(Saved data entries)
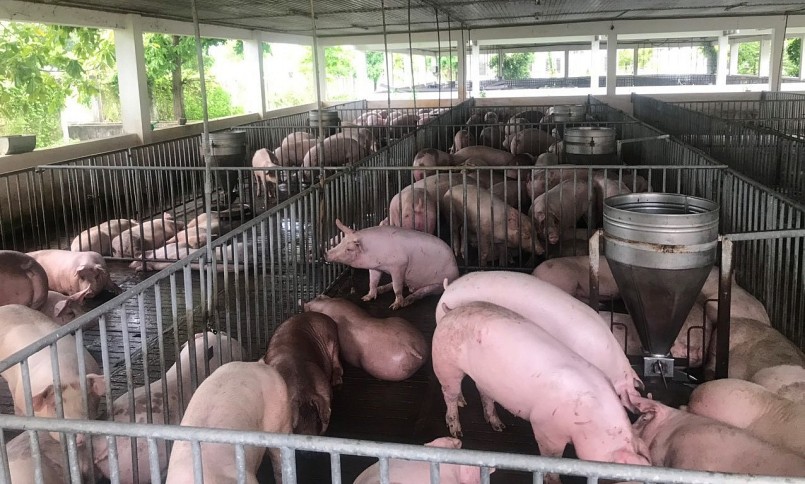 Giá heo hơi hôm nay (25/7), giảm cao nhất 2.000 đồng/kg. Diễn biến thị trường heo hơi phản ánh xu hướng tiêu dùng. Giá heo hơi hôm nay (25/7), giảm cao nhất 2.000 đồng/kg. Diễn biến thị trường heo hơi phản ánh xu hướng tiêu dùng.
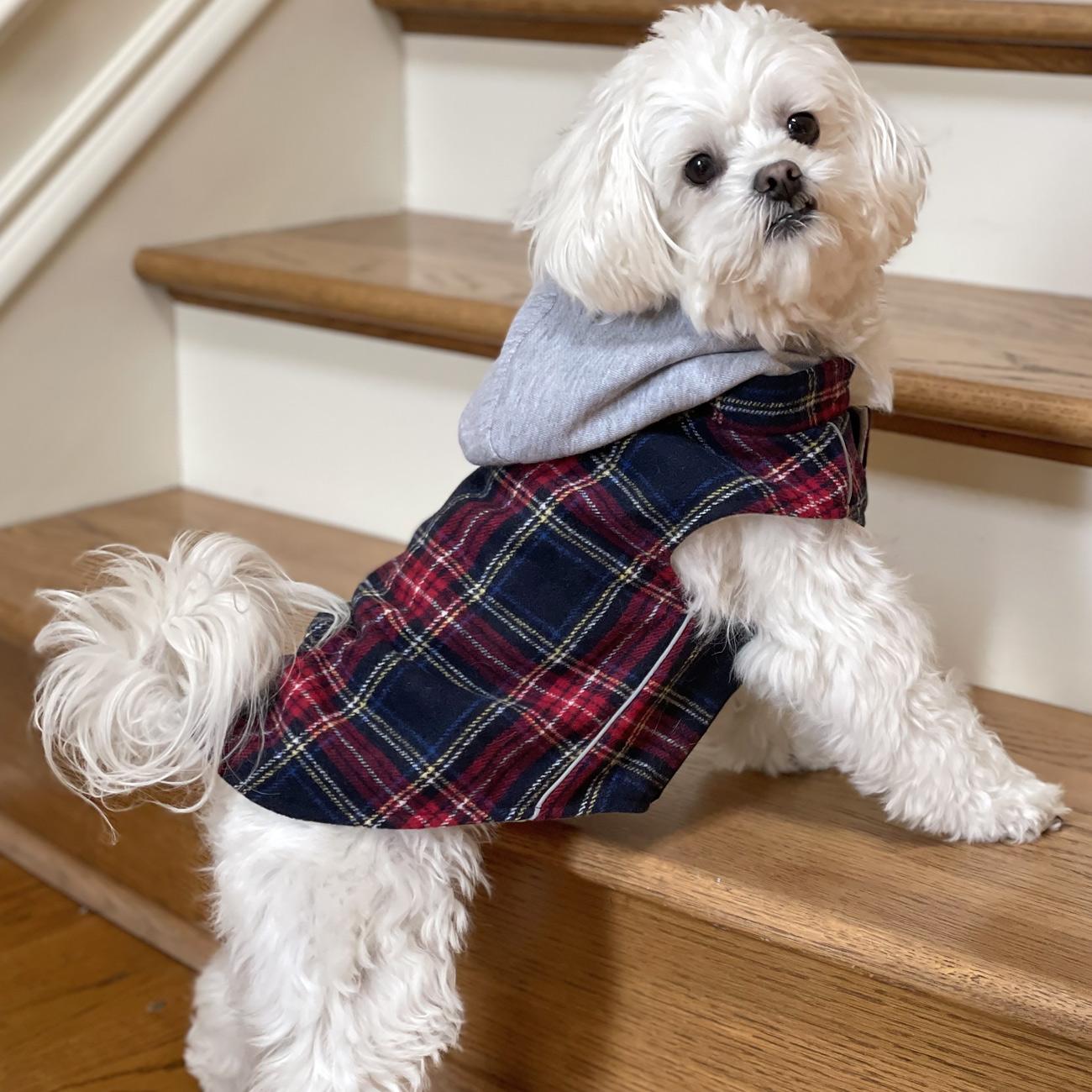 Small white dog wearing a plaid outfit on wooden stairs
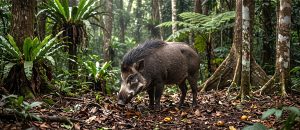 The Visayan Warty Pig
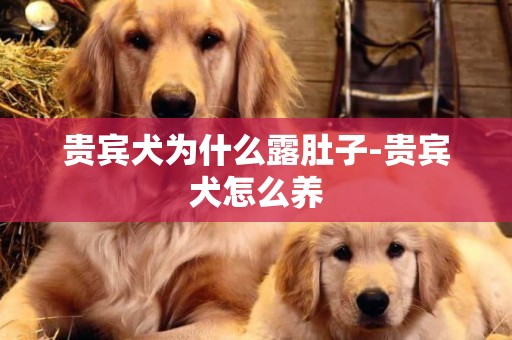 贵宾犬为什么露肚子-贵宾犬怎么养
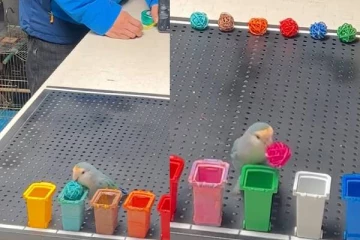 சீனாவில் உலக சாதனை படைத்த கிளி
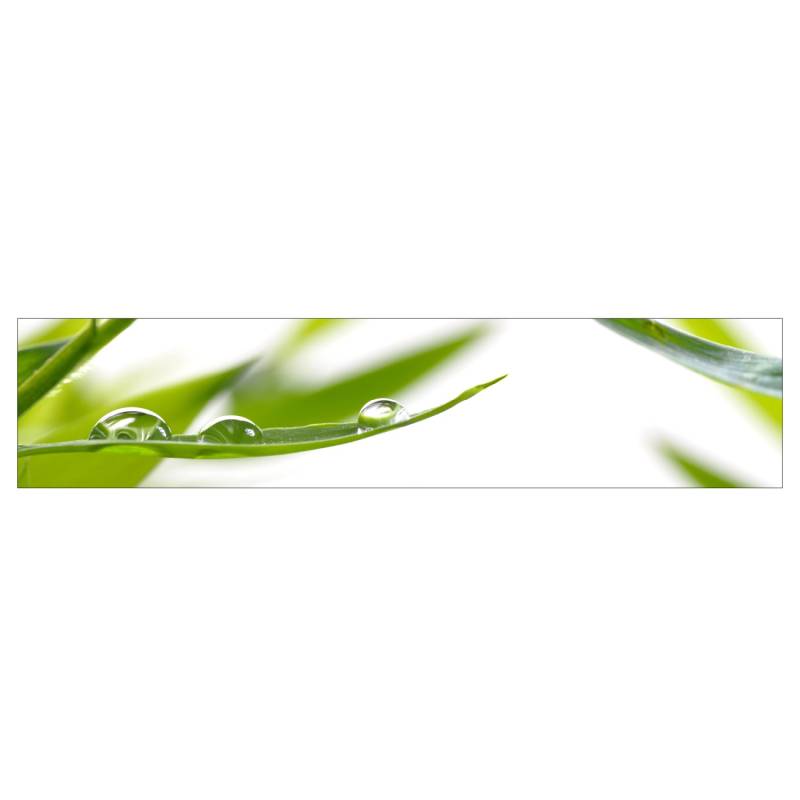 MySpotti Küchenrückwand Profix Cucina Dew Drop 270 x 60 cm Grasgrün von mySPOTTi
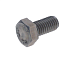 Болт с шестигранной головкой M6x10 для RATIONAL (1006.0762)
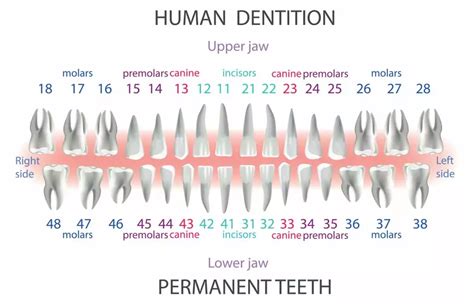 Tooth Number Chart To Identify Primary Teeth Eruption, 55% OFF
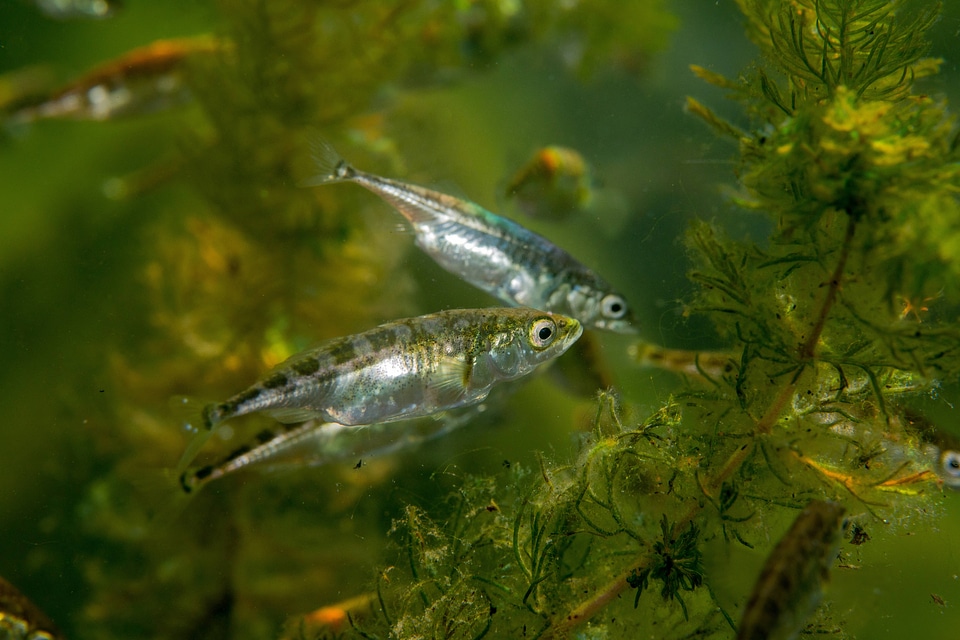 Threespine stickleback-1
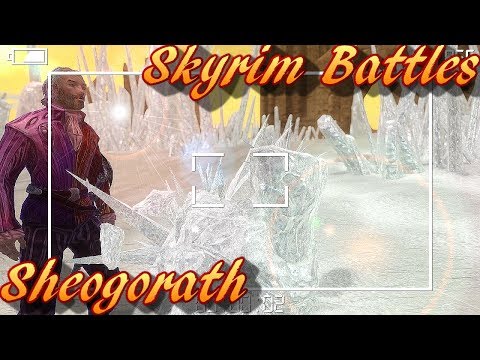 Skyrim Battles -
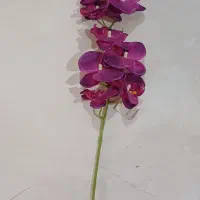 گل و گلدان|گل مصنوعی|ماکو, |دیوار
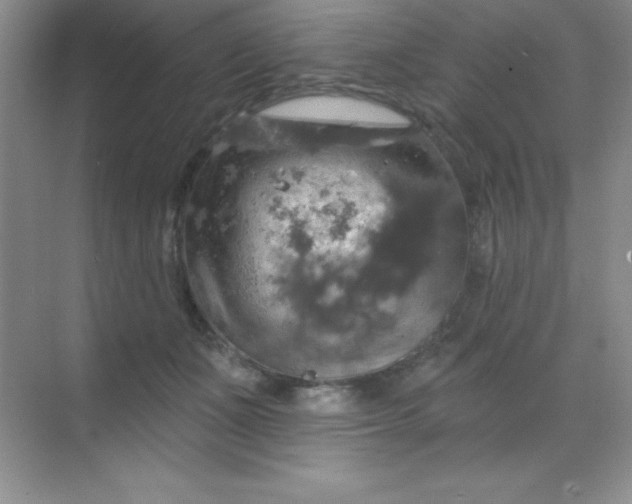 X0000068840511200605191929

> [INSTRUCTIONS FOR THE TASK] Nothing but the lines from the line holding "گل و گلدان|گل مصنوعی|ماکو, |دیوار" through the last line of the entries above is to be reproduced, exactly and without pictures.

> [PROBLEM SOLUTION]
 گل و گلدان|گل مصنوعی|ماکو, |دیوار
 X0000068840511200605191929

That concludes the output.